Spring is just around the corner, and it has been a beautiful week here in sunny NYC. We’ve learned a lot this week, as you’ll see as we do the Round-up!

Ask For Help

  • Kevin and I are having a heck of a time using Web Driver to drive an app that uses Google Maps. Whenever we click on or type into anything displayed on the map, the contents of the map (including the Google logo and the zoom control) move about 20 pixels up. Our tests seem to still work, it just looks like it’s broken. Anyone else seen this or know what might cause it?

Interesting Things

  • Kevin and I discovered that Capybara’s page.execute_script doesn’t like to execute multiple statements. It really wants to evaluate a single expression. The upside of this is that it’s really good at casting Javascript values into Ruby; it seems to work well with strings, numbers, and even arrays. If you really want to execute multiple statements, you can do this:

      page.execute_script <<-JS
          return someValue;
  • Todd found out the hard way that Ruby’s String#sprintf (also seen as the String#%) will cast your string numbers to octal if you’re not careful. Behold:

      >> "%d" % "010"
      => "8"
      >> "%d" % "08"
      ArgumentError: invalid value for Integer: "08"
        from (irb):2:in `%'
        from (irb):2

    Make sure you don’t feed sprintf a string number that starts with a 0 unless you mean it to be octal.

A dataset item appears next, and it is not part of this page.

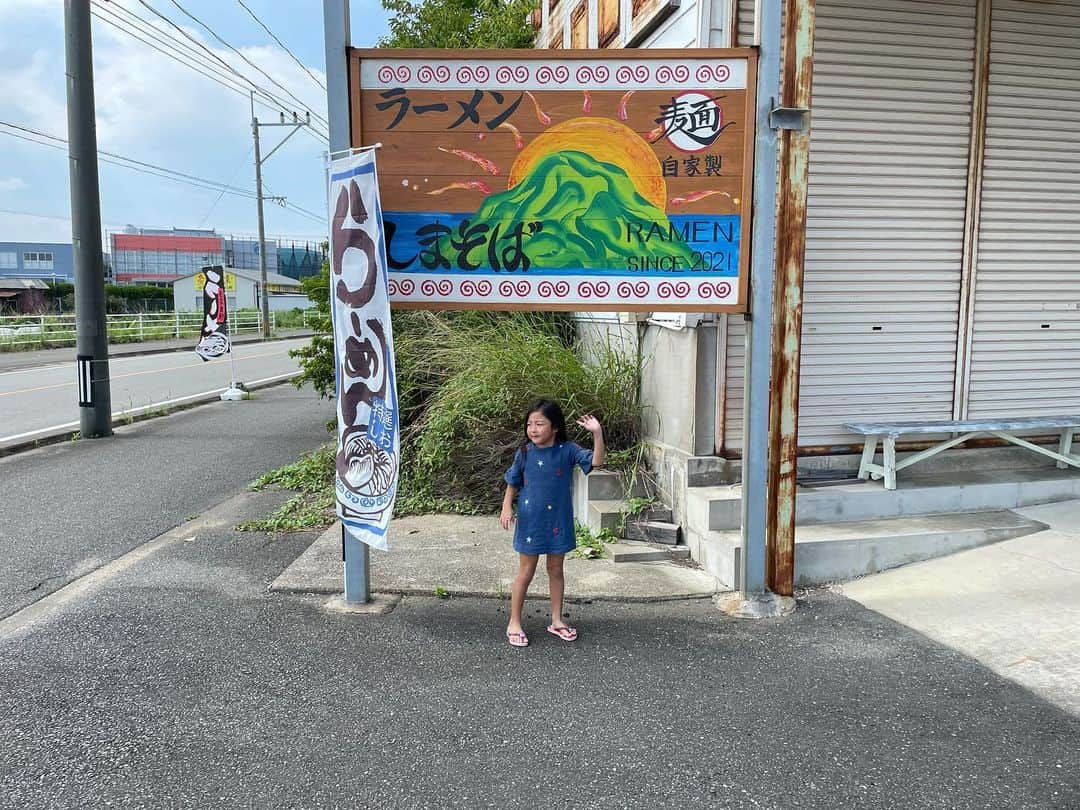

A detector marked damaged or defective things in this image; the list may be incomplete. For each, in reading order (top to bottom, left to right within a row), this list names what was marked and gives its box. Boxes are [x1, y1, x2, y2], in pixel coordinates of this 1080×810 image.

rusty metal pole [764, 0, 812, 596]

  • Rachel tells us that there’s an upcoming Rails workshop for women in NYC. Rumor has it that Pivotal’s own Sarah Mei is behind it. She’s been known to do such things before. Details as they become available.

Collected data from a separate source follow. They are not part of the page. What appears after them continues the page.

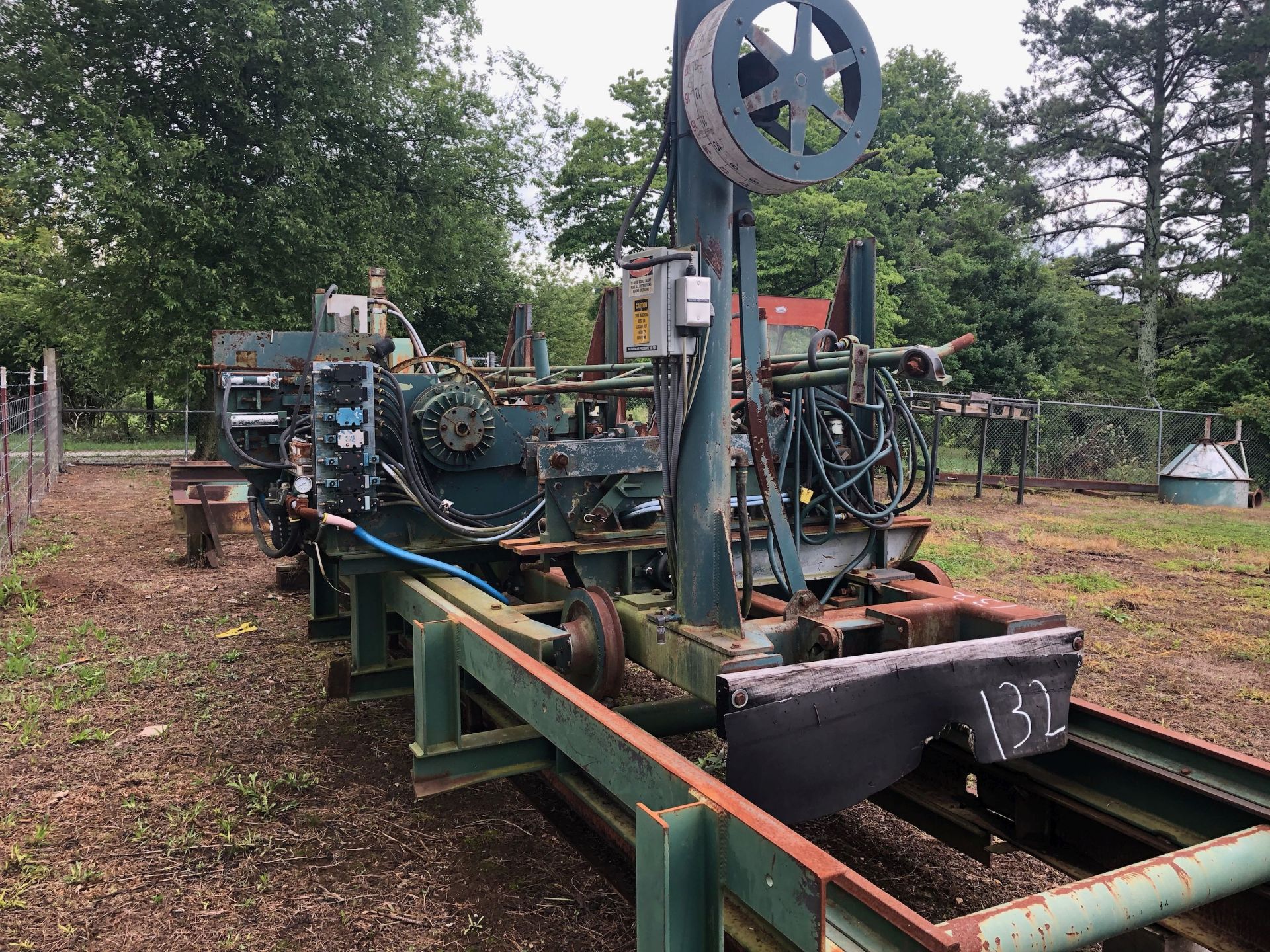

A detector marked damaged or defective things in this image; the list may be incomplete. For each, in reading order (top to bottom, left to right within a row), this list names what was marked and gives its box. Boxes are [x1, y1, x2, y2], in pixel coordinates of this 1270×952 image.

rusty steel bracket [736, 202, 802, 596]
rusty steel bracket [721, 627, 1087, 827]
rusty steel rail [939, 827, 1265, 952]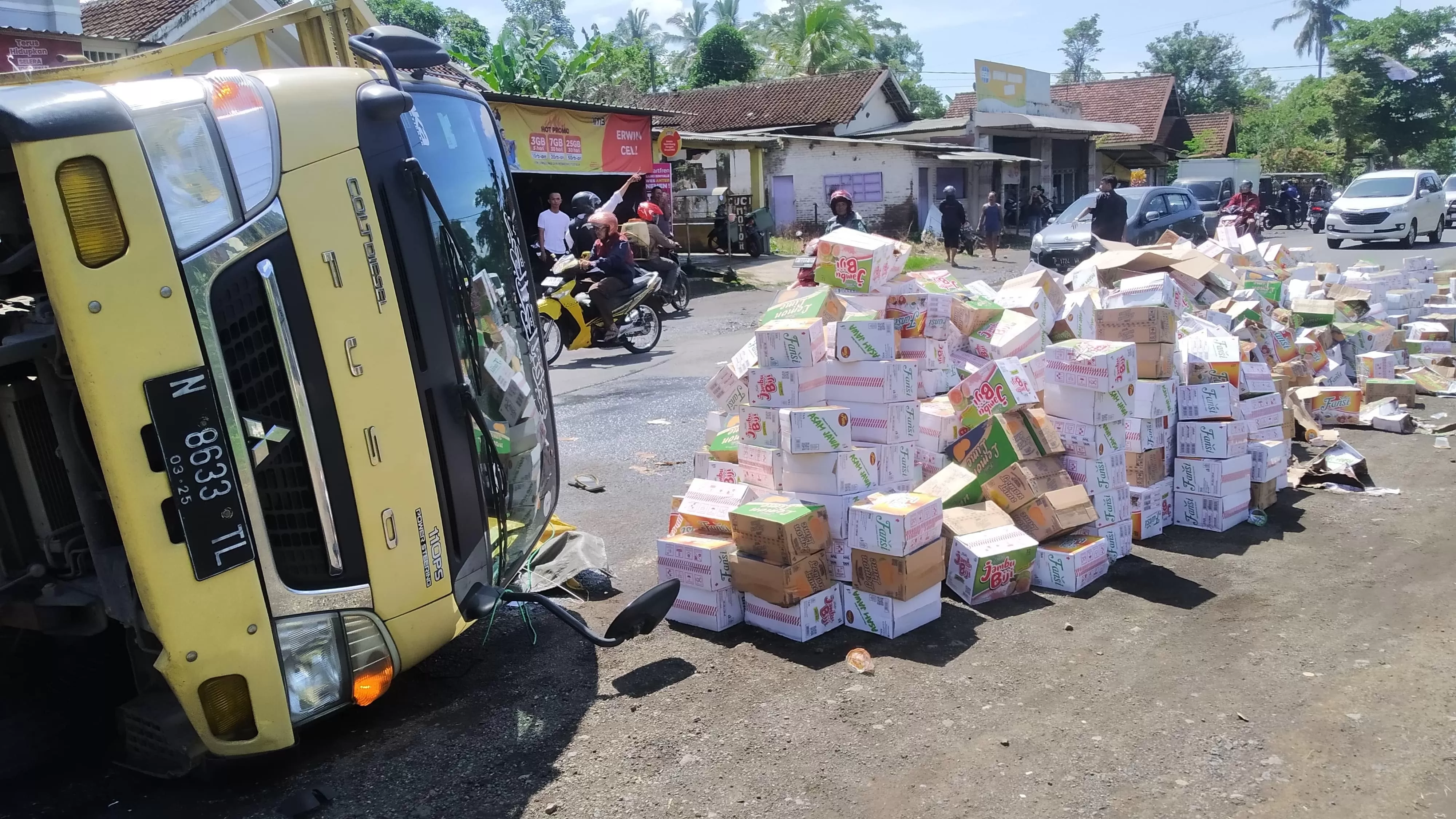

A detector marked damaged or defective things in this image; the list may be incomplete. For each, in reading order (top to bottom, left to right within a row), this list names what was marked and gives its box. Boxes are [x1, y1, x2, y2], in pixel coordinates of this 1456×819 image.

torn packaging [757, 317, 827, 368]
overturned yellow truck [0, 0, 676, 780]
torn packaging [978, 454, 1083, 513]
torn packaging [1066, 451, 1130, 492]
torn packaging [1008, 486, 1095, 545]
torn packaging [658, 536, 734, 594]
torn packaging [728, 550, 833, 609]
torn packaging [850, 539, 949, 603]
torn packaging [943, 524, 1037, 606]
torn packaging [1031, 536, 1107, 594]
torn packaging [667, 591, 745, 635]
torn packaging [745, 588, 850, 644]
torn packaging [844, 582, 943, 641]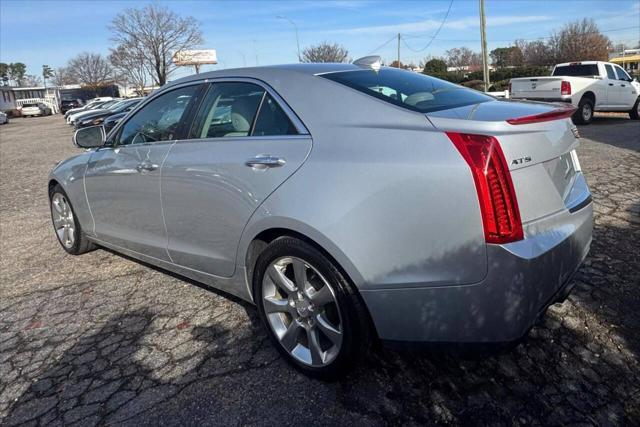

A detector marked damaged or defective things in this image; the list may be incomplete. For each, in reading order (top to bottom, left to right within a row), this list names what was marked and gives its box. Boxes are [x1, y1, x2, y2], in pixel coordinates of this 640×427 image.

cracked pavement [0, 115, 636, 426]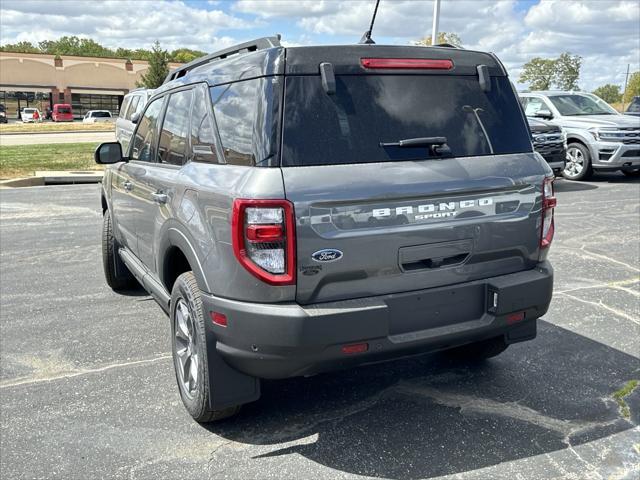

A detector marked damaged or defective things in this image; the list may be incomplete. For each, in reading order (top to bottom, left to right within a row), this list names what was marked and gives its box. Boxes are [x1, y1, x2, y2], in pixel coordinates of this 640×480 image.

cracked pavement [0, 173, 636, 480]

  • Pat’s improv show is tonight! Check him out at the Magnet Theater.

  • Mark Wilden

    010 is octal – it’s got nothing to do with #sprintf.

    >> 010
    => 8

  • Peter Jaros

    Right, you expect `010` to be octal. You don’t necessarily expect `”010″` to be taken as octal. In fact, `”010″.to_i == 10`”. But when it’s interpolated with `#sprintf`, it *is* taken as octal.

    This occurred when we were doing data conversion from a legacy system which stored numeric identifiers as zero-padded strings, so we weren’t really thinking about it until it blew up.